From aa08a30fc90248006ce6202496926f074149b08c Mon Sep 17 00:00:00 2001
From: Vincent Gimenes <147169146+VincentG1234@users.noreply.github.com>
Date: Mon, 23 Feb 2026 14:05:36 +0100
Subject: [PATCH] [CLEANING] Remove unused disable_by_batch_size from
 SpeculativeConfig (#35060)

Signed-off-by: Vincent Gimenes <vincent.gimenes@gmail.com>
---
 vllm/config/speculative.py | 10 ----------
 1 file changed, 10 deletions(-)

diff --git a/vllm/config/speculative.py b/vllm/config/speculative.py
index 207d8c2f6..29f0380d1 100644
--- a/vllm/config/speculative.py
+++ b/vllm/config/speculative.py
@@ -101,9 +101,6 @@ class SpeculativeConfig:
     will use the default version."""
 
     # Advanced control
-    disable_by_batch_size: int | None = Field(default=None, ge=2)
-    """Disable speculative decoding for new incoming requests when the number
-    of enqueued requests is larger than this value, if provided."""
     disable_padded_drafter_batch: bool = False
     """Disable input padding for speculative decoding.
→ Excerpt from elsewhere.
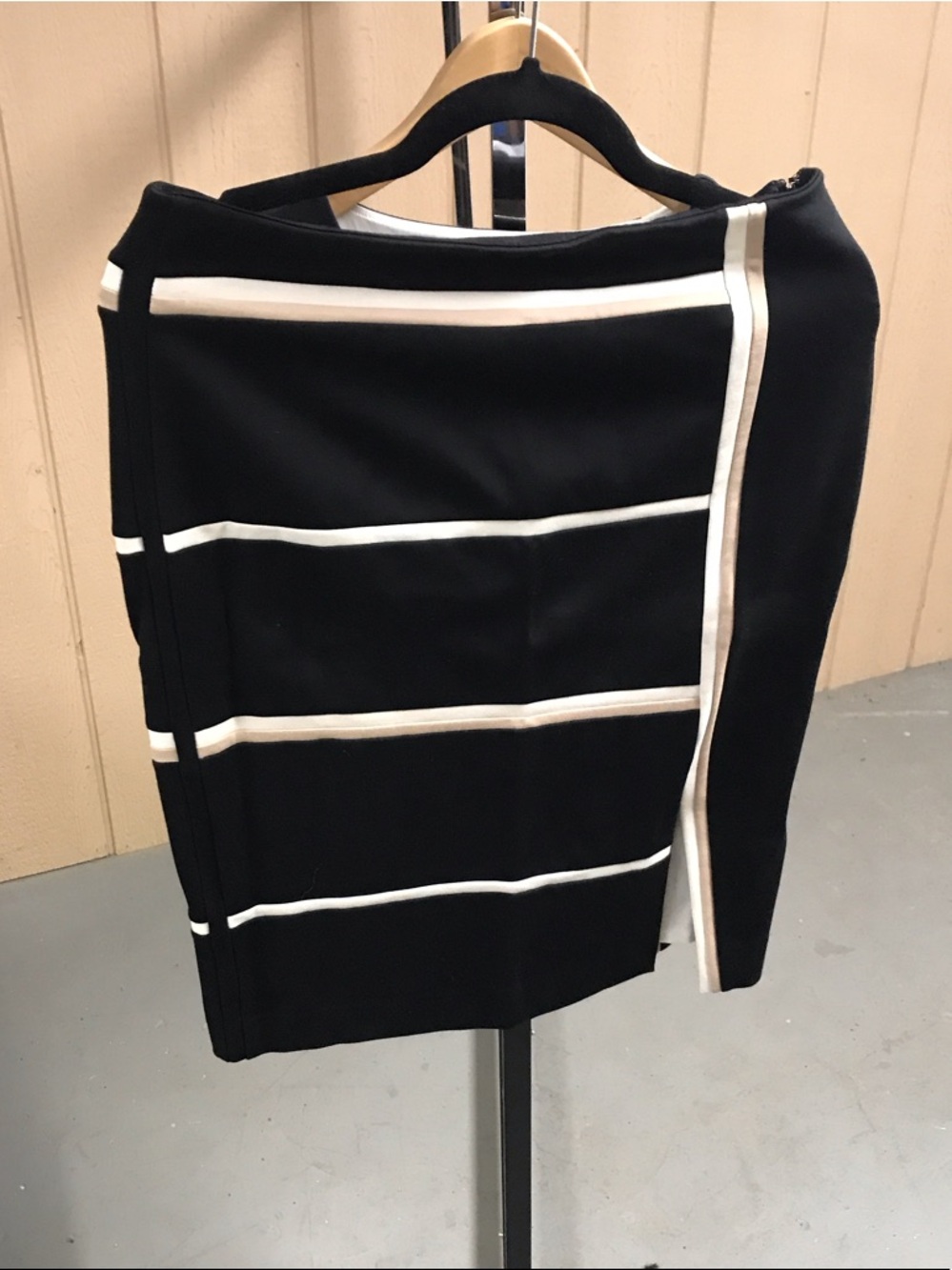 White House Black Market Black Pencil Skirt with White Stripe Detail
If set to True,
     speculative input batches can contain sequences of different lengths,
@@ -707,13 +704,6 @@ class SpeculativeConfig:
                 self.draft_parallel_config
             )
 
-        if self.disable_by_batch_size is not None and self.disable_by_batch_size < 2:
-            raise ValueError(
-                "Expect the batch size threshold of disabling "
-                "speculative decoding is > 1, but got "
-                f"{self.disable_by_batch_size=}"
-            )
-
         eagle3_target_supported = [
             "llama",
             "qwen",